Figure 1 Real-time ultrasound-guided spinal anesthesia. (A) The short-axis in-plane US technique of anesthesia; (B) the schematic diagram of spinal canal transection and needle entry line.

In the traditional LG groups (III/IV), patients were positioned laterally, with their head and knees flexed, hands holding knees, and the shoulder line/intercristal line drawn parallel to each other and perpendicular to the floor. The L4–5 interspace was determined using Tuffier’s line (an intercristal line drawn between the tops of both iliac crests) and marked on the skin. The local anesthesia site was punctured with a 26-gauge SA needle, and the CSF outflow was used to assess if the puncture needle had effectively reached the subarachnoid space. After confirming the free flow of CSF, the same procedure was administered to the UG groups (I/II).

Another physician judged and recorded the actual intervertebral space at the marked site using a C-arm X-ray after marking. The anesthesiologist administering the SA would only be informed if the intervertebral space was higher than the L2–3 space. Patients among whom the localization was higher than L2–3 underwent repositioning to the L4–5 space using the C-arm X-ray and traditional LG SA. These patients were excluded from the experimental group. The actual level of the L4–5 space determined by palpation and US was recorded (verified by C-arm X-ray), and the rate of malposition was also recorded.

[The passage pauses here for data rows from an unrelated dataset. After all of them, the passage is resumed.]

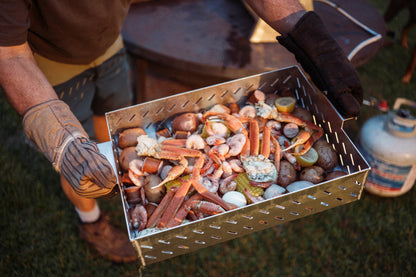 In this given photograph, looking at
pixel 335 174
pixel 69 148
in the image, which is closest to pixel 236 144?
pixel 335 174

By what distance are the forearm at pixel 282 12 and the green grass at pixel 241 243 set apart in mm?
1532

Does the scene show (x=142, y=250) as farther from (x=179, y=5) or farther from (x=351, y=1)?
(x=351, y=1)

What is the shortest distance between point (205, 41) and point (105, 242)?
1.61 meters

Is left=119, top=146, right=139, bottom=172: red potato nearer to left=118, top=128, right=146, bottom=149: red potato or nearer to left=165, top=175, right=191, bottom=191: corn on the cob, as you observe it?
left=118, top=128, right=146, bottom=149: red potato

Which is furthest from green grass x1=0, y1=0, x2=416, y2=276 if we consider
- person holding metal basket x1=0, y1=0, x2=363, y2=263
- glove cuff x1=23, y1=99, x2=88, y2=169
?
glove cuff x1=23, y1=99, x2=88, y2=169

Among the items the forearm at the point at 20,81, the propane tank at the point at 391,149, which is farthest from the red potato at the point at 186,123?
the propane tank at the point at 391,149

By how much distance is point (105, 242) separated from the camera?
230cm

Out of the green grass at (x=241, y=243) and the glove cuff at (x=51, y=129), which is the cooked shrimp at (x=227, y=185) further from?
the green grass at (x=241, y=243)

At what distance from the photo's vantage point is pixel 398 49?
4410 millimetres

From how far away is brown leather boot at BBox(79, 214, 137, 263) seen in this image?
229cm

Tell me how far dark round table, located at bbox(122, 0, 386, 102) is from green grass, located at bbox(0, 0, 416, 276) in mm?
1129

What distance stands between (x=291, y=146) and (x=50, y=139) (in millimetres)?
1014

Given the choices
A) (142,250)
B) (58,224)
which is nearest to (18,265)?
(58,224)

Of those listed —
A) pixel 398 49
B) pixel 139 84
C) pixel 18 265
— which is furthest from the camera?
pixel 398 49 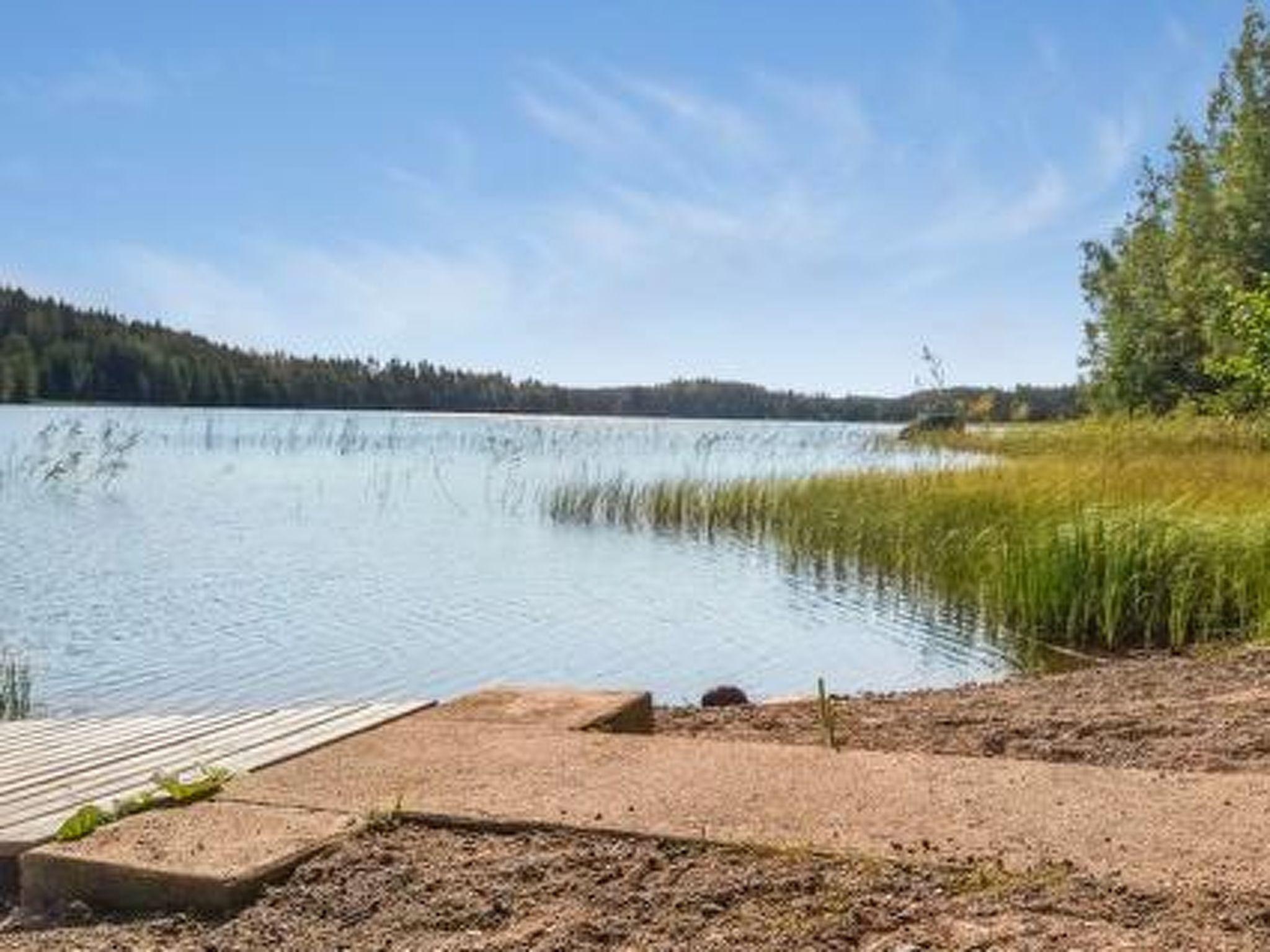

Dixon’s up-and-down sequential method (26) was used to determine the subarachnoid level of medication. Based on previous clinical experience (8) and a previous study, the initial doses administered to the groups were 16 mg (I), 18 mg (II), 12 mg (III), and 14 mg (IV) [standard deviation (SD): 3.1]. A 1.5-mg dosage interval was used to meet the criteria that the dosage should be 0.5–2 times the anticipated SD. The blockade was considered successful if the sensory block reached the T10 plane within 20 min of the subarachnoid space injection and lasted for more than 60 min. If this was not the case, the dosage was considered ‘ineffective’ and the dose was increased for the next patient. In contrast to this, if a dose was found to be ‘effective’, the next patient received a lower dose.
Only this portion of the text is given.